Since production is dominated by the single-aisle A320, that is the lens through which Airbus will make resource decisions.
On paper, the estimated labor force of 35,000 people involved in production, and associated engineers and support, at Airbus would fall by the equivalent of some 14,000 full-time posts with the 40 percent underlying reduction, the sources said.
One industry source said the output trajectory pointed to the equivalent of 15,000-20,000 job cuts, depending on the pace of recovery and extent to which Airbus wants to preserve skills.
Airbus declined to comment.
The sources said it is too early to say how many of those cuts would translate into redundancies and how many would be absorbed through less temporary work or by the supply chain.
Airbus, which has previously only cut about half its costs through job losses, could also divide the shake-up into two or more separate stages to gauge the speed of recovery in air travel from the crisis, the sources added.

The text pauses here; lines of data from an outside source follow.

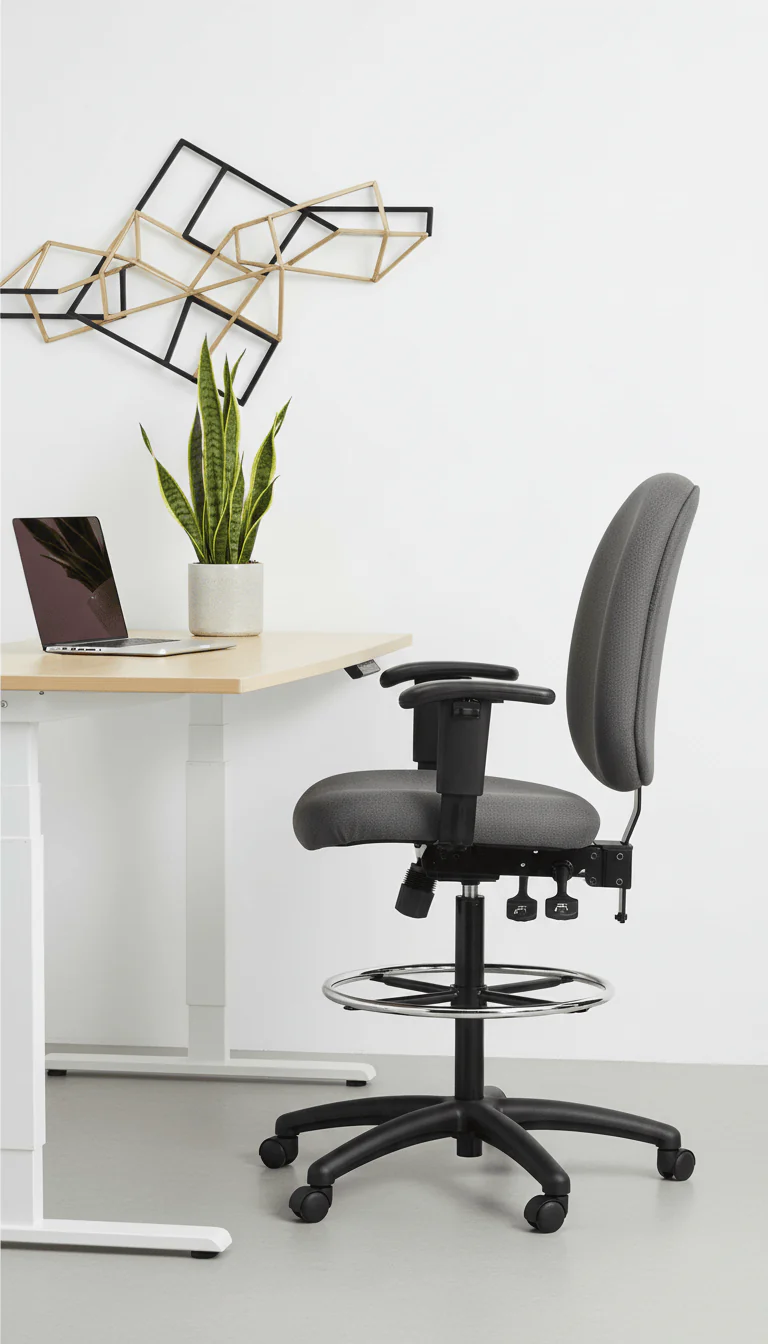 Harwick Ergonomic Adjustable Drafting Chair [6058C-D] - Image 6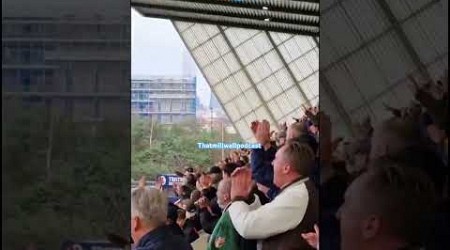 Millwall vs Birmingham Full Time crowd cam. #millwall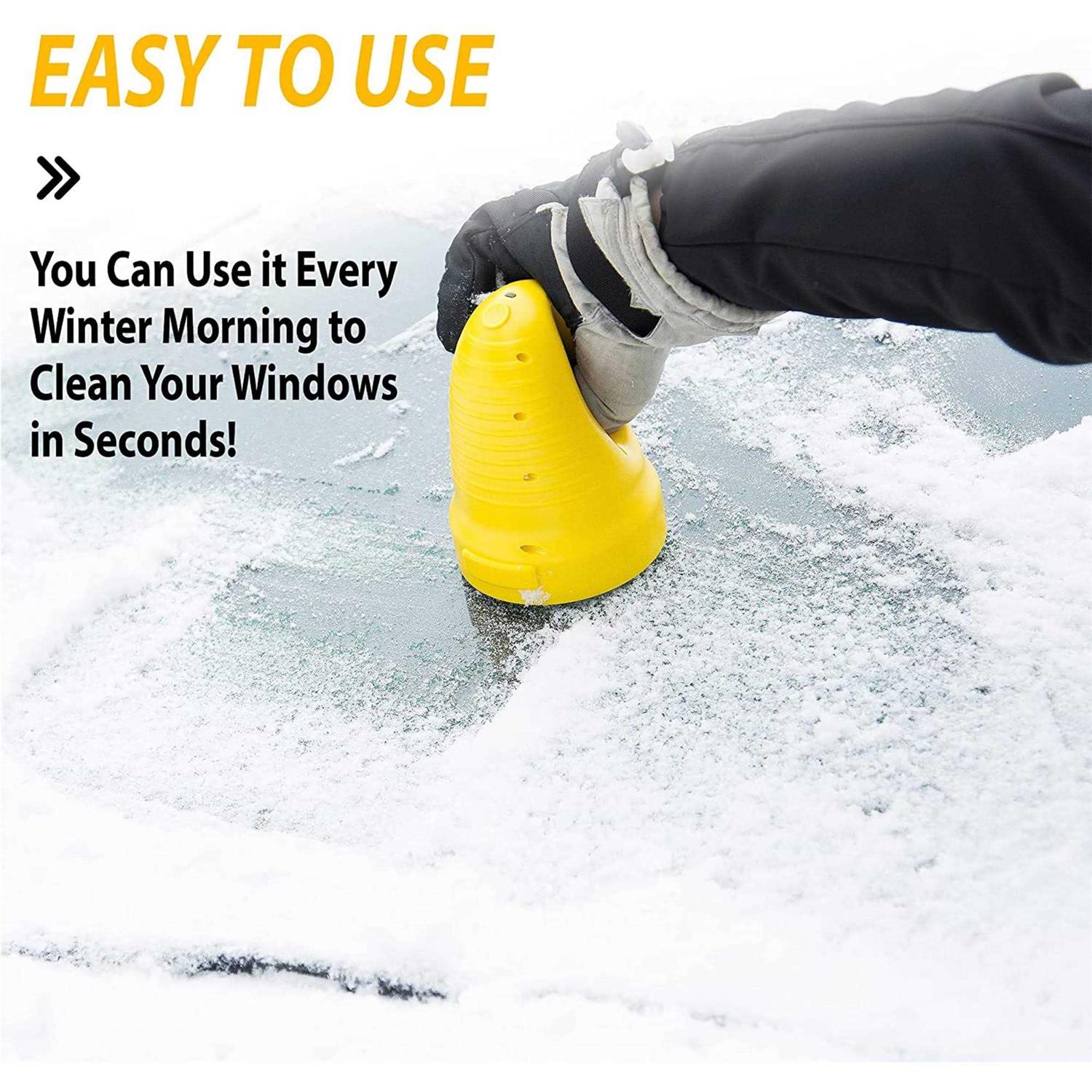Zone Tech USB Rechargeable Electric Snow Remover Windshield Ice Scraper Tool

Unions have pledged to oppose widespread restructuring ahead of management meetings due next week after Airbus CEO Guillaume Faury warned staff over the company‘s future.
In 2007, Airbus launched a plan to cut the equivalent of 10,000 posts, shared between staff and contractors, but ended up shedding some 8,000.
At that time rising demand helped Airbus meet cost-cutting targets per plane by producing more jets. But with a slump in air travel, that “volume” lever is no longer useful.
The result is a sharper focus than ever on fixed overheads, without which Airbus would have to raise prices.
Airbus has already told employees it is closing a digital-transformation unit set up by Faury‘s predecessor Tom Enders, but insiders fear the crisis is so deep it may have to re-examine a jigsaw of factories spread across Europe.
“It‘s time to look at sacred cows,” one source said.
In the past Airbus avoided plant closures and struck political deals to double up some tasks, including building some wings in the UK which are sent to Germany to be finished. It also has two delivery centers for the soon-to-be-axed A380.